Ah well. This has probably been the reaction to weddings down the ages, for they've been around a long time. Epithalamia themselves are ancient. The Song of Solomon is often counted as one, and that was written...well, people argue about that, but certainly earlier than 300 BC; and the Greeks were singing epithalamia even before that, usually at the door of the bridal chamber. One epithalamion would be sung as the couple retired, and then another (possibly even less welcome) would wake the couple up the next morning. Epithalamia were generally full of good wishes and hopes for a happy marriage.
The Romans took up the custom, though they tended to sing theirs at the reception after the happy couple had left - and the words tended to be less suitable for sober society.

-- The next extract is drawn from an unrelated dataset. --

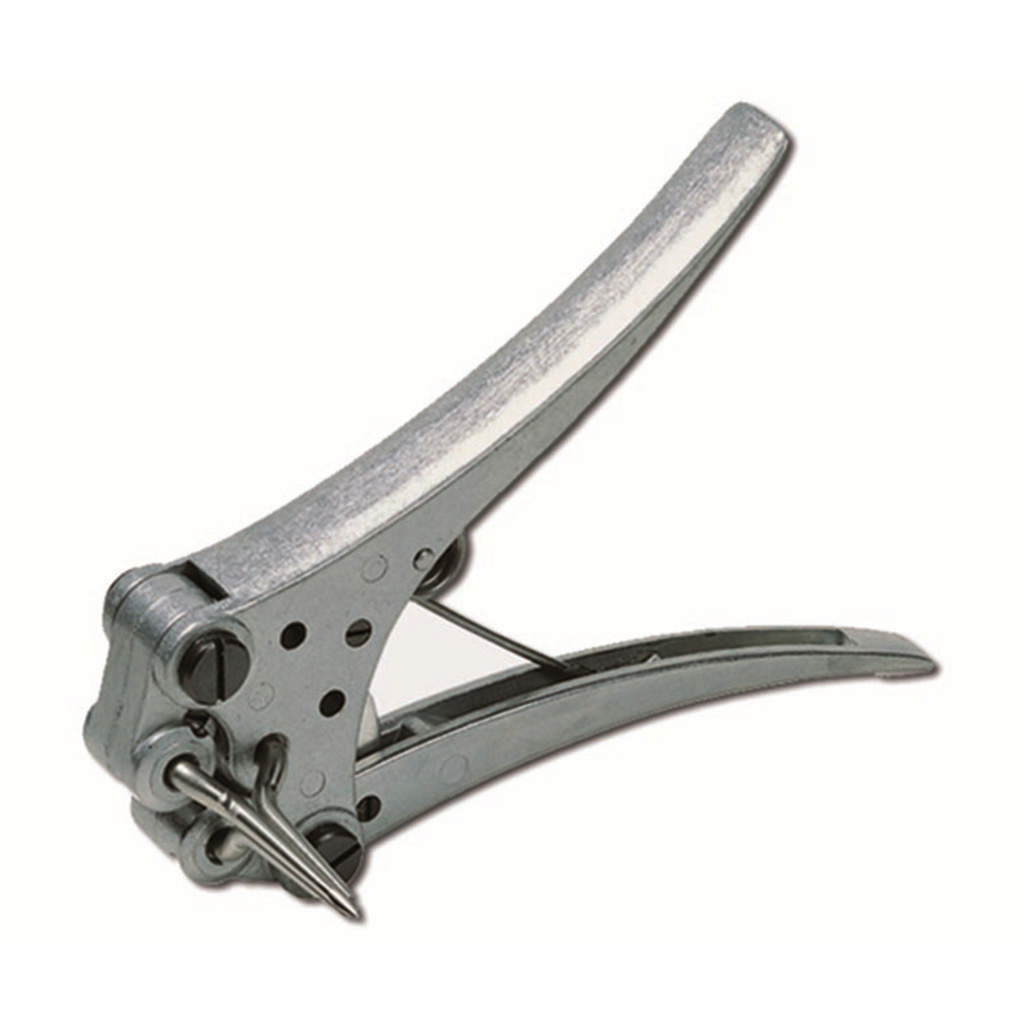 Driebekkentang voor rubberen moffen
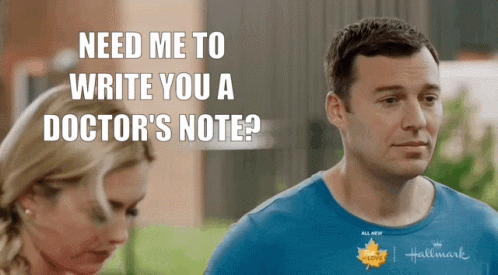 Fly Away With Me Peter Mooney GIF - Fly Away With Me Peter Mooney Doctors Note GIFs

The tradition stuttered a bit after that, though the French Ronsard and the Italian Metastasio were part of crazes for ephithalamia, and there was a similar English craze that saw John Donne, Ben Jonson and, very notably, Edmund Spencer write wedding poems (Spencer's takes up a whole book).
Nowadays wedding poetry is rare, though, having just come from doing a Google search of 'poems for a wedding' I can say with great feeling not nearly rare enough.
In fact the offers on Google enough to make me wonder if the original custom of singing the epithalamion in private, away from the guests, might really have been the most sensible way of going about it.
Word To Use Today: epithalamion. This is Greek. Epi- means upon, and a thalamos is a bridal chamber. The official plural is ephithalamia, but -mions is also used a lot.